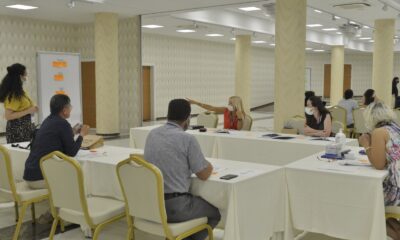 Yenişehir Belediyesi, iklim değişikliğine karşı 10 yıllık yol haritasını belirliyor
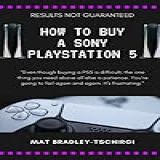 How To Buy A Sony PlayStation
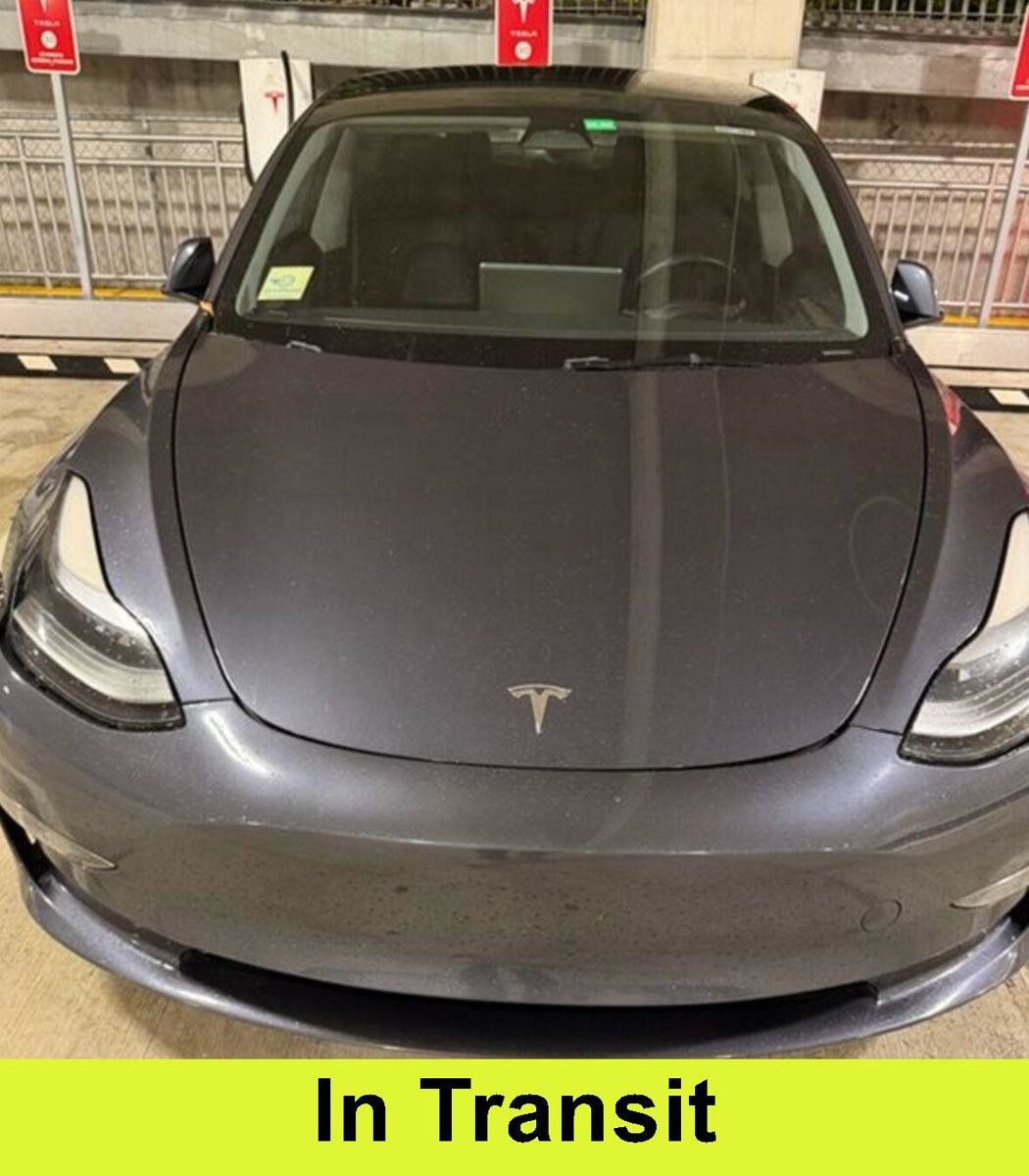 Used 2023 Tesla Model 3 Long Range AWD/4WD image 1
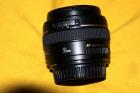 Canon EF 50 1/1.4 USM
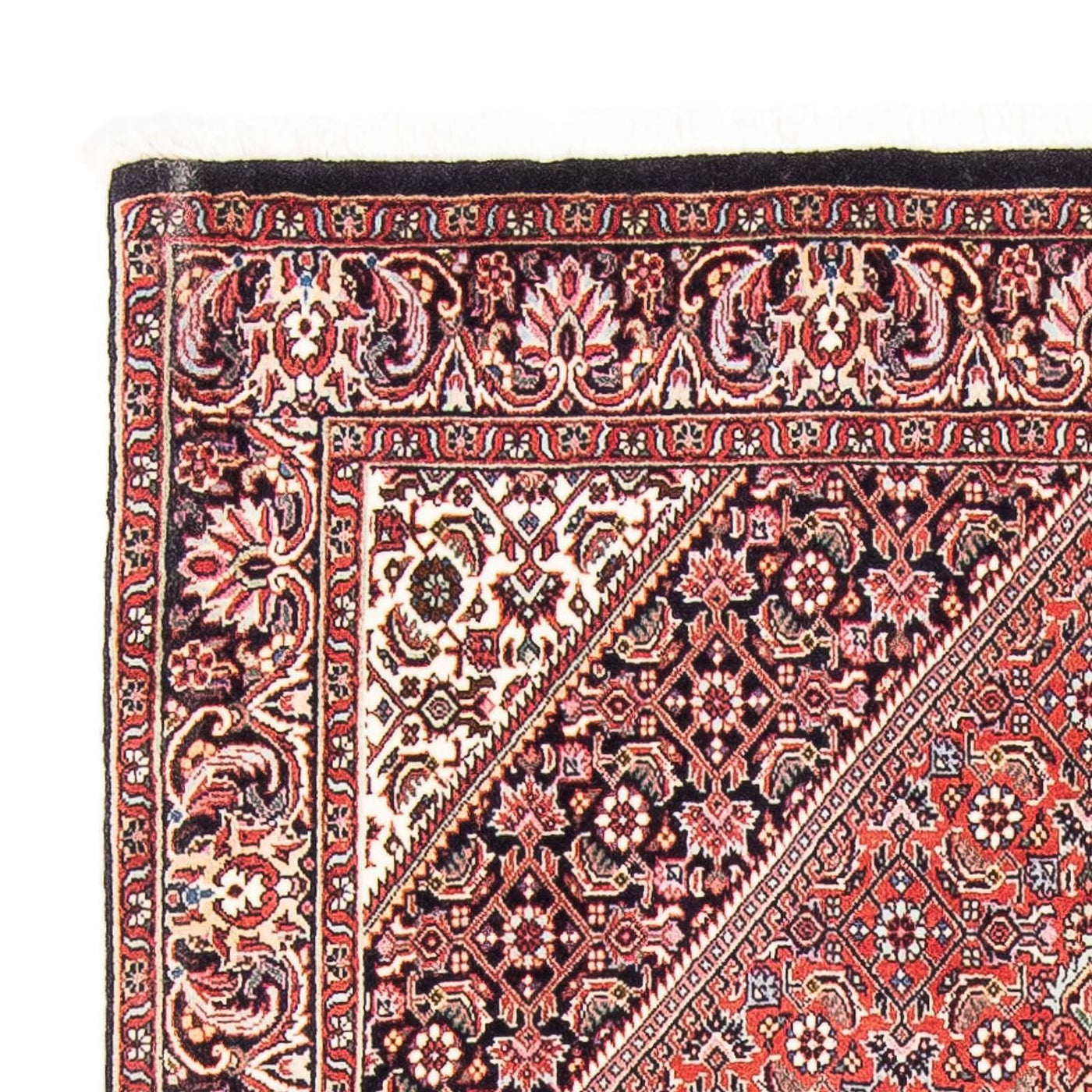 Tapis de Bidjar Tapis 172x106cm - Tapis persan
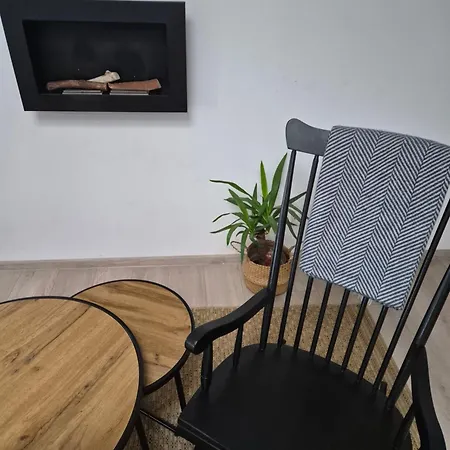 Wielkopolska 22 Apartment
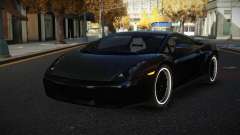 Lamborghini Gallardo Tuga для GTA 4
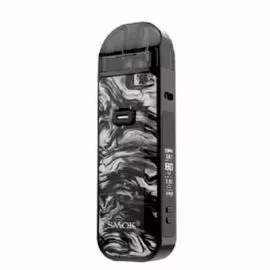 POD-система Smok Nord 5 KIT Fluid Black Grey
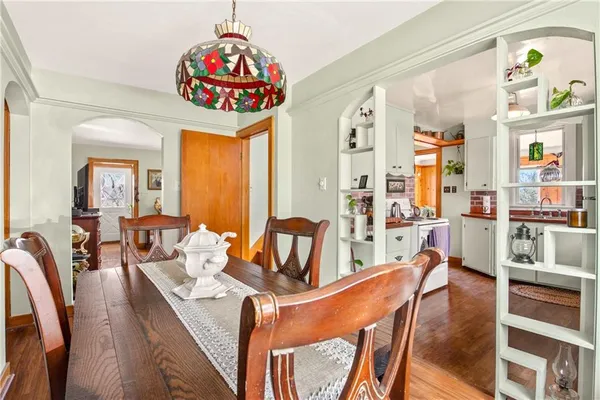 $229,900 | 891 Main Street, Addison, PA 15411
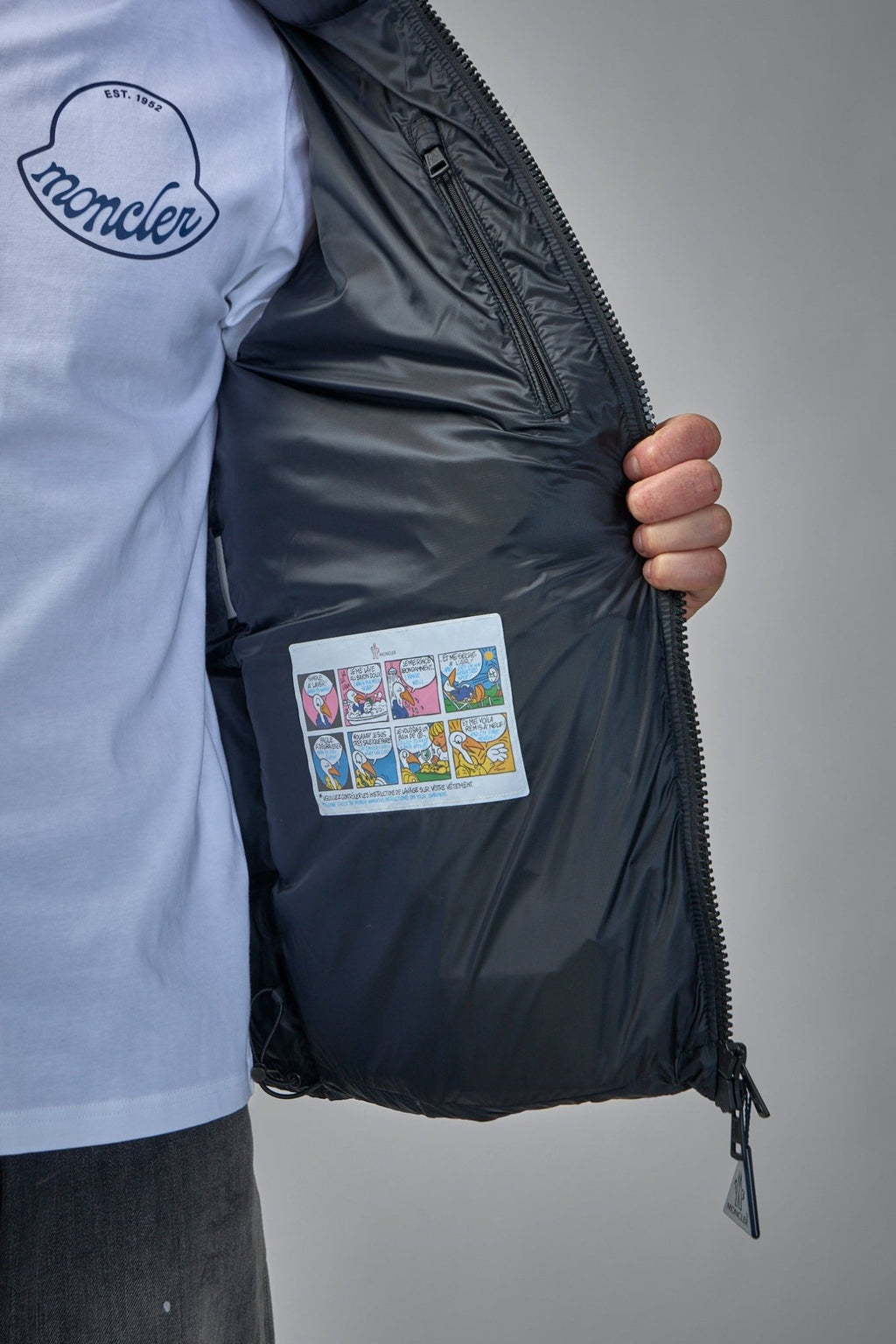 Moncler - Couyere Jacket - LABELS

****

• **TASK BRIEF**: Exactly the lines from the one containing "Used 2023 Tesla" to the final line of the entries are wanted; please write them out, both ends included, but not the pictures.

• **RESULT**:
 Used 2023 Tesla Model 3 Long Range AWD/4WD image 1
 Canon EF 50 1/1.4 USM
 Tapis de Bidjar Tapis 172x106cm - Tapis persan
 Wielkopolska 22 Apartment
 Lamborghini Gallardo Tuga для GTA 4
 POD-система Smok Nord 5 KIT Fluid Black Grey
 $229,900 | 891 Main Street, Addison, PA 15411
 Moncler - Couyere Jacket - LABELS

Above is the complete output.